This does have the effect of making Criticals about 8 times as common overall (12.9% vs 1.7%), but this is mostly stacked in the unusual cases where the dice are highly disparate types. That's what I was going for, though.

Mike
Member of Indie Netgaming
-Get your indie game fix online.

ethan_greer

Quote from: Mike HolmesAll still looks pretty straightforward.
Is that a good thing or a bad thing?

As to the criticals, I look at things a little differently:

Instead of separating critical success and critical failure, I look at it as a single classification of result.  "Critical," for better or worse, is the term I chose.  Based on multiple reactions similar to yours I'm thinking of eliminating the term and just sticking with "dumb luck" as I had it originally.  The chances of dumb luck in a given roll is 2 / (number of sides on trait die) x (number of sides on diff die).  As a result, the chances of dumb luck are inversely proportional to the competence of the character and the difficulty of the task.  (or is that directly proportional?  I can never get those two straight...)  Basically, as the number of sides goes up, the chances of dumb luck goes down.

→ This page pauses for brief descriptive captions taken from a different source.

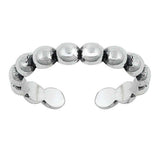 Sterling Silver Beads Toe Ring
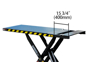 Adjustable lift platform length, applicable to vehicles with different wheelbases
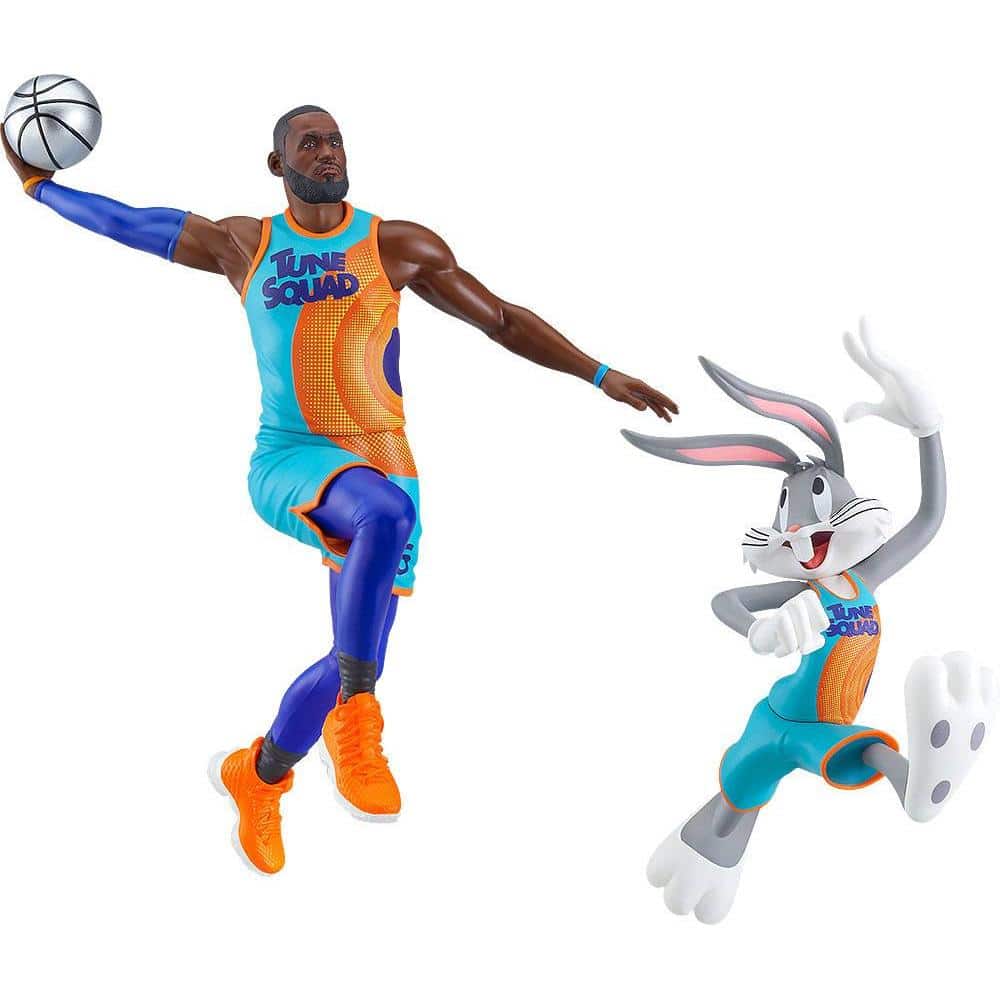 pack figuras space jam lebron james y bugs bunny nendoroid oficial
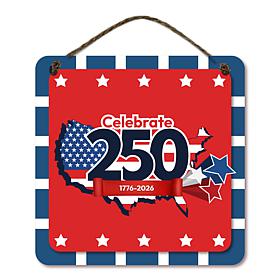 Courtside Market Celebrate 250 USA Overlay 12x12" Artboard with Twine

Personally, I don't currently see this as a problem.  While it's true that chances of "critical success" decrease as you get more competent, chances of "critical failure" decrease to the same degree.  So, IMO, it's not totally fubar.  Just a little bit fubar... :)  I can see why you would think it is counterintuitive, but I don't share that view from a more narativist perspective.  (My god!  I used a GNS term!  Hopefully I used it correctly...)  It's been my experience that more interesting, out-of-the-ordinary things tend to happen when you least expect them...

As an example, one time I was opening a can of hot peppers when I worked at Dominos.  Things didn't go as planned for me, however: I ended up throwing the can five feet across the room while simultaneously accidentally dismantling the can opener with the other hand.  True story.  That's the kind of thing I'm going for with the dumb luck mechanic.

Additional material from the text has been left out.